Lyrically, most of these songs—which were recorded at a rural French dairy farm using equipment once owned by Curtis Mayfield—are “window songs,” Ritter says. “They’re like little serenades, so the windows show up all over the record.” In the westward-bound “California,” he sings, “Don’t say the trip’s been done a hundred thousand times / ’cause this one is mine.” On “You Don’t Make It Easy Babe” he repeats, “I’m trying hard to love you / You don’t make it easy babe / I’m trying hard to love you / I’m looking for an easy way.”

Thanks to such songs, Ritter has, in a sense, accomplished his ultimate goal. After working a string of odd jobs while living in Providence, R.I. (including doing taxes for people with Down syndrome, serving as a safety screener at an MRI facility, handling paperwork for a landfill, and moving files alongside prison inmates) and selling more than 3,000 albums from the stage, he’s now able to support himself exclusively by touring and selling records. “I get to wake up on a Monday morning and drink coffee and write; that’s it. And that’s my dream. It’s better than anything in the world.”

A first step toward realizing that dream came last year while Ritter, a graduate of Ohio’s Oberlin College, was playing open mics at night and working his various temp jobs during the day. Glen Hansard, singer for Irish band The Frames, attended one such performance and asked Ritter to come to Ireland to open for his band.

The buzz began there, and Ritter says it was there that he experienced the definitive moment in his career thus far. Thanks to those gigs with The Frames, Ritter headlined a show in October at an 1,800-2,000-seat theater in Dublin. It was sold out.

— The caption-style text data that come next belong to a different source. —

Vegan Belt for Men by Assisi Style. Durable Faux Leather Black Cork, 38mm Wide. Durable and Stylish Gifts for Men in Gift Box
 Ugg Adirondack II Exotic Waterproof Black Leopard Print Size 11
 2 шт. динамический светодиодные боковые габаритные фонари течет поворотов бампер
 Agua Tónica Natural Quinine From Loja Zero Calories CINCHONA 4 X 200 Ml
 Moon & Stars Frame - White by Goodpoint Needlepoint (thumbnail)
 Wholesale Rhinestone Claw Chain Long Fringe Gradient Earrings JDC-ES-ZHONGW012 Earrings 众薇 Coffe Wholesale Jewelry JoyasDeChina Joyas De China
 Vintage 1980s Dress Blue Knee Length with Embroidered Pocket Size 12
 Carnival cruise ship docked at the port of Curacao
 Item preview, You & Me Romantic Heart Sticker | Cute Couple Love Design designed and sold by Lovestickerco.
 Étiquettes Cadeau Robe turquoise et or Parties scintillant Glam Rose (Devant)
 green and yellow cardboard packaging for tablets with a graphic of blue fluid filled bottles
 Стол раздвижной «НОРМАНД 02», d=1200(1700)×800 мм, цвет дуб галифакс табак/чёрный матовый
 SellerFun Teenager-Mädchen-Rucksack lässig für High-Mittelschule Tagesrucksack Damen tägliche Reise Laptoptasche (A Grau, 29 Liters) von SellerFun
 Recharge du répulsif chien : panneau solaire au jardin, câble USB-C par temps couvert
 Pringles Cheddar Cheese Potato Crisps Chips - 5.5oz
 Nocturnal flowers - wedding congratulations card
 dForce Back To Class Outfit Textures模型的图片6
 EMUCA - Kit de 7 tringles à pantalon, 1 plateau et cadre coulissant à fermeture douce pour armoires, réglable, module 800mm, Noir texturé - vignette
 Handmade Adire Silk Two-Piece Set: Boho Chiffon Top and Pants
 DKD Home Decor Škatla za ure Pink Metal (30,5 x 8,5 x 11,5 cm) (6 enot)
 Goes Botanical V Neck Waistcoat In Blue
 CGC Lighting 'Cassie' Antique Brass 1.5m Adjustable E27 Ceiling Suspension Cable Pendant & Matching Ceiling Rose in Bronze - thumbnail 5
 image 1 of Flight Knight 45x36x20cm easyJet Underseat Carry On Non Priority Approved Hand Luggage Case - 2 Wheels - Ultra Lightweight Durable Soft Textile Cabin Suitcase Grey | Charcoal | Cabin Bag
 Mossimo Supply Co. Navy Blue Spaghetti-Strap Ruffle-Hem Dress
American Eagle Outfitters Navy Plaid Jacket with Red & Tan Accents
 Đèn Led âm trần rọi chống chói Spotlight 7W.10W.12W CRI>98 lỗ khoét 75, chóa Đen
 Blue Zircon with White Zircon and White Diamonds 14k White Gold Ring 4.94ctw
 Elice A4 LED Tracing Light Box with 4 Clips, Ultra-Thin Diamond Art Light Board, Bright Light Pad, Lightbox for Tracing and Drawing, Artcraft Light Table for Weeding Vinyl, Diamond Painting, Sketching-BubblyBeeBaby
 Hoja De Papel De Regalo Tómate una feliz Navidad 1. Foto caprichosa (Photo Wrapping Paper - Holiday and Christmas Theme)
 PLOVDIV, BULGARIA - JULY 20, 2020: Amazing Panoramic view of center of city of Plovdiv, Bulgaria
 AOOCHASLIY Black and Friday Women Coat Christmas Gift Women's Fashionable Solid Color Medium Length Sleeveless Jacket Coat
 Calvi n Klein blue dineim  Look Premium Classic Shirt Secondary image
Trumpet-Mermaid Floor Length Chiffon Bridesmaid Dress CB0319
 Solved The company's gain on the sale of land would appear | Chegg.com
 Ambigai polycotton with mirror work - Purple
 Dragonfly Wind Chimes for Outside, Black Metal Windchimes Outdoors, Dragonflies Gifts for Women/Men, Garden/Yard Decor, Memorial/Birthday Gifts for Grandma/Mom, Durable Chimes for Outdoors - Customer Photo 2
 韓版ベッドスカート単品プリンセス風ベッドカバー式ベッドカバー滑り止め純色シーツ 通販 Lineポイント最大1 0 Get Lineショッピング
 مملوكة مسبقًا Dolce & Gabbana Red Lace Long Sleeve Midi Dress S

“That was the moment when I thought, ‘How does it happen?’ and ‘Who cares how it really happens?’ Ya know, I just think it’s proof that, with all this stuff, with a digital world and there’s just millions of things out there—everybody has their face on a billboard—there’s a moment where you can play a quiet song and it means something like [Cohen’s] ‘Chelsea Hotel’ means to me, or something like that. If it can mean something in someone’s life, and mean something in your life, then it’s an amazing collision and it means something that’s more than just, ‘Here’s another guy playing music.’ It’s valuable. For like three minutes, we were all just together. It’s nothing enormous, it’s nothing earth shattering, it’s just three minutes. …

“I’m not saying that somebody else couldn’t do the same thing; it’s just like that was the moment when it was perfectly clear to me that if you really put what you have into something, and you try to be honest about it, then it’ll come around back to you.”